I'm running into a deadlock situation when calling StackExchange.Redis.

I don't know exactly what is going on, which is very frustrating, and I would appreciate any input that could help resolve or workaround this problem.


In case you have this problem too and don't want to read all this; I suggest that you'll try setting PreserveAsyncOrder to false.

ConnectionMultiplexer connection = ...;
connection.PreserveAsyncOrder = false;

Doing so will probably resolve the kind of deadlock that this Q&A is about and could also improve performance.


Our setup

  • The code is run as either a Console application or as an Azure Worker Role.
  • It exposes a REST api using HttpMessageHandler so the entry point is async.
  • Some parts of the code have thread affinity (is owned by, and must be run by, a single thread).
  • Some parts of the code is async-only.
  • We are doing the sync-over-async and async-over-sync anti-patterns. (mixing await and Wait()/Result).
  • We're only using async methods when accessing Redis.
  • We're using StackExchange.Redis 1.0.450 for .NET 4.5.

Deadlock

When the application/service is started it runs normally for a while then all of a sudden (almost) all incoming requests stop functioning, they never produce a response. All those requests are deadlocked waiting for a call to Redis to complete.

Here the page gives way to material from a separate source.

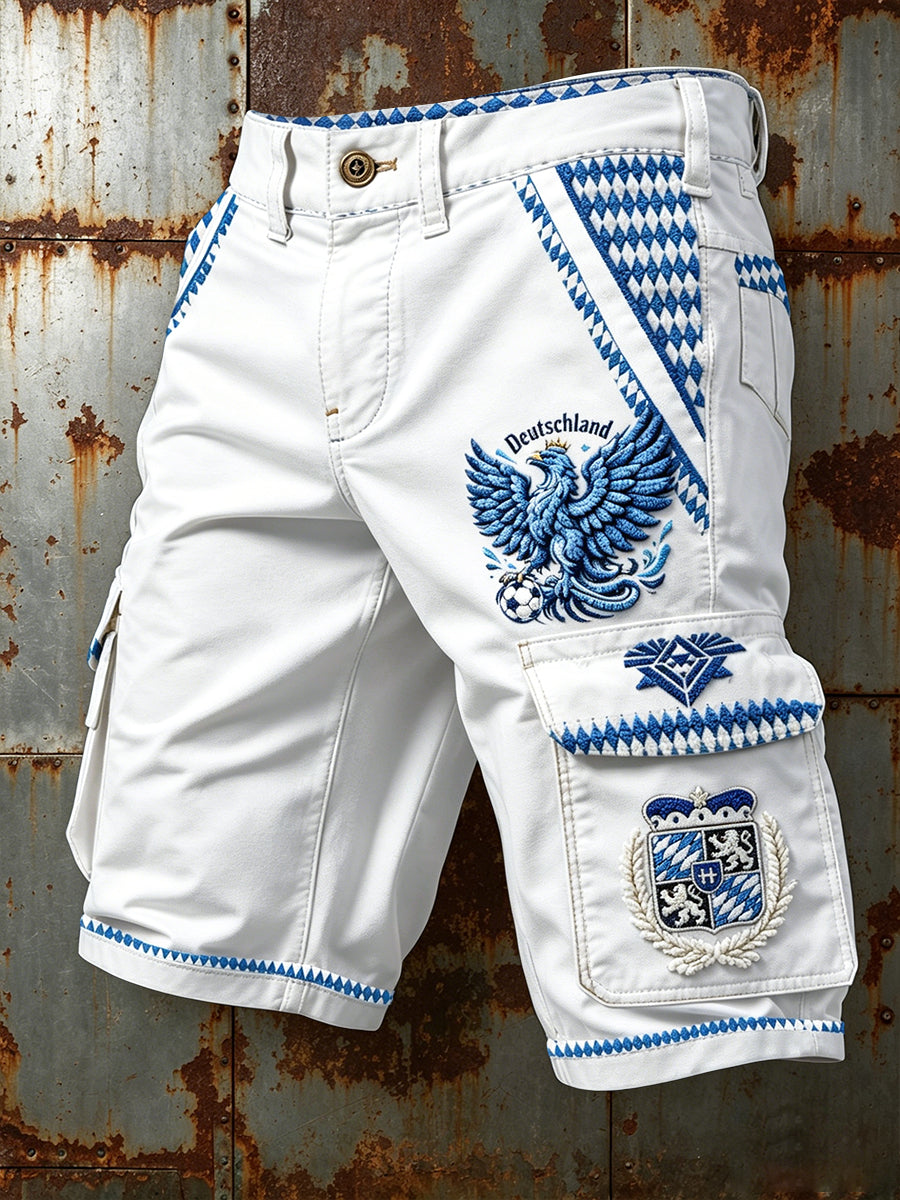 Herren Weiß Deutsch Bavarian Eagle Print Freizeit arbeits shorts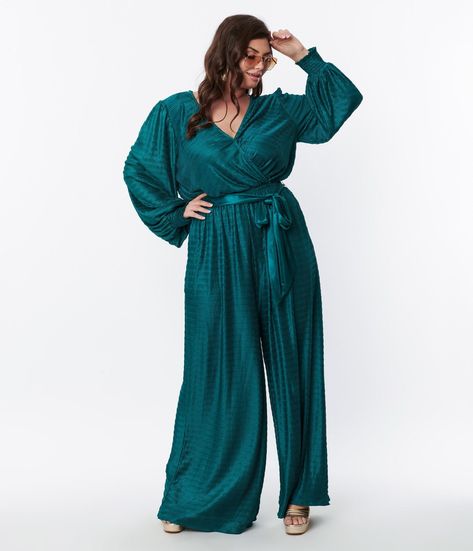 Teal Satin Textured Jumpsuit - Unique Vintage - Womens, BOTTOMS, ROMPERS AND JUMPSUITS Hourglass Silhouette, Plus Size Romper, Eve Outfit, Guest Attire, Wedding Attire Guest, New Years Eve Outfits, Plus Size Vintage, Velvet Fashion, Plus Size Wedding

Interestingly, once the deadlock occur, any call to Redis will hang but only if those calls are made from an incoming API request, which are run on the thread pool.

We are also making calls to Redis from low priority background threads, and these calls continue to function even after the deadlock occurred.

It seems as if a deadlock will only occur when calling into Redis on a thread pool thread. I no longer think this is due to the fact that those calls are made on a thread pool thread. Rather, it seems like any async Redis call without continuation, or with a sync safe continuation, will continue to work even after the deadlock situation has occurred. (See What I think happens below)

Related

  • StackExchange.Redis Deadlocking

    Deadlock caused by mixing await and Task.Result (sync-over-async, like we do). But our code is run without synchronization context so that doesn't apply here, right?

  • How to safely mix sync and async code?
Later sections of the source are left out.